An apparent defect in cell structure that leaves certain proteins unable to withstand heat may be a clue to the cause of Alzheimer's disease, a research team reported.
Scientists at the Veterans Administration Medical Center and the UCLA School of Medicine say a problem in cellular microtubules, the structural proteins responsible for cell movement, may impair a cell's response to heat.
"The cells we're studying are peripheral white blood cells, which are taken from an arm vein while drawing a blood sample," researcher Dr. Lissy F. Jarvik said.
The white blood cells under study in the project are the leukocytes that come to the body's defense in the event of exposure to bacteria, viruses, fungi or chemical toxins.
"We knew at the outset that these cells like to migrate to the warmest parts of the body," she said, adding that they usually seem to know how to move away when things get too hot.
"Starting with below-normal body temperature, to temperatures where people develop very high fevers at about 105 to 106 degrees Fahrenheit, these cells in Alzheimer's patients would commit heat suicide," she said.
"They like it where it's warm, but they don't like to be cooked."
Jarvik said the microtubules of people afflicted with the incurable brain disease apparently lose their ability to migrate by colliding with each other and coagulating.
"The cells, like Alzheimer's patients, are disoriented," she said.
Jarvik noted that microtubules are important because, in addition to helping cells move in response to such stimuli as heat or toxins, they also form the skeleton that holds a cell together.
Scientists have found that it is the microtubules that also form the spindle fibers that pull the chromosomes apart during cell division.
Just what causes the microtubules to go awry is the question that Jarvik and her research team are trying to answer.
"You need an intact microtubule system for cells to be able to migrate toward a goal," she said. "We suspect the defect is in the microtubule system itself.
"This is only a suspicion and we have no hard evidence, but there is a certain amount of circumstantial evidence to support the possibility that the defect is in the microtubule system."
Blood Samples Tested
As part of the study, Jarvik and her team took blood samples from 12 healthy volunteers ranging between 21 and 74.
To the test tubes of blood samples researchers added colchicine, an alkaline chemical known to impair microtubules. Results showed the colchicine disrupted the cells' response to heat much in the same way they were impaired in Alzheimer's patients.

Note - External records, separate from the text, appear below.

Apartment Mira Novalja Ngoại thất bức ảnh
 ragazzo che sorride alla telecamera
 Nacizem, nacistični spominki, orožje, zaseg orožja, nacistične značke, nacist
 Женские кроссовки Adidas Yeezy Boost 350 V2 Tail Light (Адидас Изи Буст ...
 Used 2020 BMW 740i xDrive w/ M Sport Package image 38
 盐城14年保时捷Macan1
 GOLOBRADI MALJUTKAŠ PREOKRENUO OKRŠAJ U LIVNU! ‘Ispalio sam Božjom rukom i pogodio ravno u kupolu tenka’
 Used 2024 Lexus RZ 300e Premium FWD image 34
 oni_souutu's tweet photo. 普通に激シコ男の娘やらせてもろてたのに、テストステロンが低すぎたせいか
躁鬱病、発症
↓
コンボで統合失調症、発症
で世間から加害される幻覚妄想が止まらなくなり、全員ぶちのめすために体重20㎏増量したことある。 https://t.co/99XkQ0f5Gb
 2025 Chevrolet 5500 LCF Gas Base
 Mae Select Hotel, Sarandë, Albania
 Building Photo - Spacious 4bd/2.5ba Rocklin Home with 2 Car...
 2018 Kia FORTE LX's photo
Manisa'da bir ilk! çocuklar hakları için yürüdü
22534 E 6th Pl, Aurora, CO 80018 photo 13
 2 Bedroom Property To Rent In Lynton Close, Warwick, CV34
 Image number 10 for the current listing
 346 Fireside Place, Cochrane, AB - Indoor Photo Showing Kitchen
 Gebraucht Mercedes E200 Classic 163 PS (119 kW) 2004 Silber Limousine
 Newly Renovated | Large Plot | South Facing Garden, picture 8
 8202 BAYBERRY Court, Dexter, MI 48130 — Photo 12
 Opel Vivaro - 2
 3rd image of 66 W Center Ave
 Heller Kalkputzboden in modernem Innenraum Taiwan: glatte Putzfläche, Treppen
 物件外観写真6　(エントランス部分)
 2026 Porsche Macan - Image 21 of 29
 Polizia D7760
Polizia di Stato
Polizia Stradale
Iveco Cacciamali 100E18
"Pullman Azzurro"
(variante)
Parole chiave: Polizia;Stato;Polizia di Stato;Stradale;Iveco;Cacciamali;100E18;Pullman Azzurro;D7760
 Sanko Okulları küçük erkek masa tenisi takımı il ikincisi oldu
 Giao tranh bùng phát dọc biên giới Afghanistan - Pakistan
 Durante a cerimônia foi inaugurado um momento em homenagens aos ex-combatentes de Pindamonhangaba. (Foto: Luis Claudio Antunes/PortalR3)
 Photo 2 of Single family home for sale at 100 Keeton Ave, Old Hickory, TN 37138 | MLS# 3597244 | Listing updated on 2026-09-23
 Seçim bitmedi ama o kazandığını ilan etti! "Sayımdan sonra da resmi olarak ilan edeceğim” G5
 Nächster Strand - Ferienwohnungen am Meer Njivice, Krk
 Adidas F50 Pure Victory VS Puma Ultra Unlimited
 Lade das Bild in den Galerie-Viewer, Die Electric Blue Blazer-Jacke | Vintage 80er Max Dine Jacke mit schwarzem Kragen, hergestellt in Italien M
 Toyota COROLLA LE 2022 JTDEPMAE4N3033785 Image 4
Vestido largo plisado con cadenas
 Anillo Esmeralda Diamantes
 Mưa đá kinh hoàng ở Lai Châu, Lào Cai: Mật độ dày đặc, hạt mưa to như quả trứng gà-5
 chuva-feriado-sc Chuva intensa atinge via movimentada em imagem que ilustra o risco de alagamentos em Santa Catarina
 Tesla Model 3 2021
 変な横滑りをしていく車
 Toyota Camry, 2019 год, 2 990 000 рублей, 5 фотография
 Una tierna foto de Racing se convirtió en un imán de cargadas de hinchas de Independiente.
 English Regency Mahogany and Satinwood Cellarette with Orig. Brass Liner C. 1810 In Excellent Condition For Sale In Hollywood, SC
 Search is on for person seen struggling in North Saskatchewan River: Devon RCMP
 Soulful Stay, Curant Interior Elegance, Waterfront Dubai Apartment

Jarvik said a study conducted at the University of Minnesota 10 years ago first suggested a microtubule defect in Alzheimer's disease.
That study also found a high frequency of people with Down's syndrome among the relatives of patients with Alzheimer's disease, she said.
Link to Down's Syndrome
"There's also another link with Down's syndrome," Jarvik explained. "Those people with Down's syndrome who live to be about 35 or 40 years old almost invariably show Alzheimer's changes in the brain."
Alzheimer's disease, which is characterized by progressive memory loss, affects an estimated 2.5 million Americans, manifesting most often in people over 65 but sometimes seen in middle-aged people.
In the worst cases, victims suffer seizures and almost all Alzheimer's patients lose the ability to recognize close friends and family.